Tarihte bugün 1967 depremi
Tarihte bugün 1967 depremi.. 1967 Adapazarı Depremi (Mudurnu Depremi), 22 Temmuz 1967 tarihinde yerel saatle 18:56’da meydana geldi. Adapazarı ve Bolu'nun Mudurnu ilçesinde meydana gelen 6.8 büyüklüğündeki depremde 89 kişi öldü, 7116 bina hasar gördü.
22 Temmuz 2021 - 12:25 - Güncelleme: 22 Temmuz 2021 - 12:52
ilk sarsıntıyı diğerleri takip etti. Binalar yıkılıyor, kısa bir süre içinde enkaz haline geliyordu. İlk şiddetli sarsıntıyı, daha hafif olan diğerleri takip etti ve bu, bütün gece sürüp gitti.
Şehri kaplayan bir toz bulutu, yavaş yavaş kararmaya başlayan semayı daha da koyulaştırıyor, bu hal, vaktinden evvel çökmüş karanlık bir gecenin ürpertisini yaratıyordu. Enkaz altından yükselen iniltiler, uğranılan felâketin ilk anlarda tahmin edilemeyecek ölçüde olduğuna işaret sayılıyor, çaresizlik içinde kıvranan halkın teessürünü bir kat daha artırıyordu.
Bereket, askerî birlikler, sivil ve mülkî makamlara bağlı ekipler, kurtarma faaliyetine giriştiler.
Deprem, Adapazarı'ndan başka Akyazı, Geyve ve Sapanca'da da mal ve can kaybına sebep olmuş, ölü sayısı 83'ü bulmuştu. Adapazarı ve çevresinden başka, 22 Temmuzda istanbul ve diğer bazı civar illerde de deprem hissedildi.

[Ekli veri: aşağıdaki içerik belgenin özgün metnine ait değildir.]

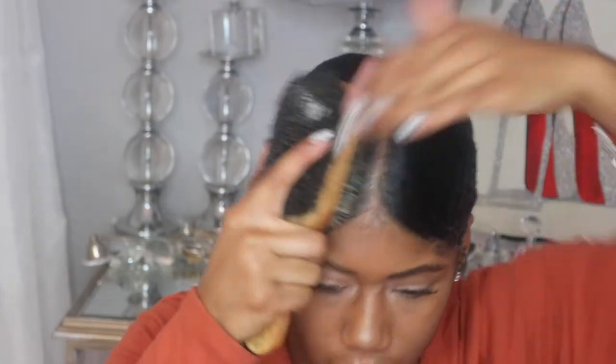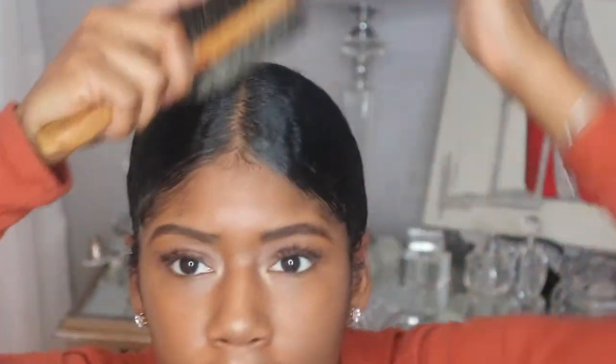Then I go ahead and do the same exact thing to the other side of my hair — same steps, same products, all that good stuff. And once I have my hair in two separate ponytails, I go ahead and use another ponytail holder to combine those into one ponytail. As you can see, my hair is not parted all the way down the middle — it's simply parted down the middle in the front because that's the part that we see. We don't want it to look like two ponytails; we want it to look like one nice sleek ponytail.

Uğranılan paniğe rağmen, can ve mal kaybı bakımından hadise ucuz atlatıldı. Yine de geceyi parklarda geçirenler çoktu.
YOL YARILMIŞ
Zelzelnin şiddetinden yollar yarılıp kısmen çökmüş.
BAHTSIZ BABA ve KIZININ CESEDİ
Adapazarı zelzelesinin en göz yaşartıcı olayı, kucağında felçli kızı 2,5 yaşındaki Elvin'le beraber, çöken evlerinin altında kalıp ölen Dr, Emin Karacaoğlu'nun dramıydı. Zelzeleden az önce, Sakarya Sosyal Sigortalar Hastanesi'nin doktorlarından olan Karacaoğlu, evinin balkonuna oturmuş, sigarasını tellendiriyor, kızı Elvin ise, içerde oynuyordu. Sonra birden yer sallanmaya, duvarlar gidip gelmeye başladı. Elvin, korkuyla babasına gitti..Birbirlerine sarıldılar vebaba kızını alıpcanlarını kurtarmak için koştu. Ama geç kalmışlardı. Kara yazıları, baba ile kızı, cansız gömüverdî. Fakat, ölüm bile onları ayıramadı.
AÇIK HAVA YATAKHANELERİ
Evlerine girmekten korkan insanlar böyle yatakhanelerde gecelemeyi tercih etmişler.
EKMEK KUYRUĞU
Depremden sonra Adapazarı elektriksiz, susuz ve ekmeksiz kalmıştı.Ancak civar illerden yetişen yardımlarla halk ekmek bulabildi.
SOKAKLARDA KALANLAR
Çocuk, yaşlı ve genç evlerine girmeye korkuyorlardı. Birkaç saat önce gözlerinin önünde cereyean eden olayları unutamıyorlar dışarıda oturuyorlardı.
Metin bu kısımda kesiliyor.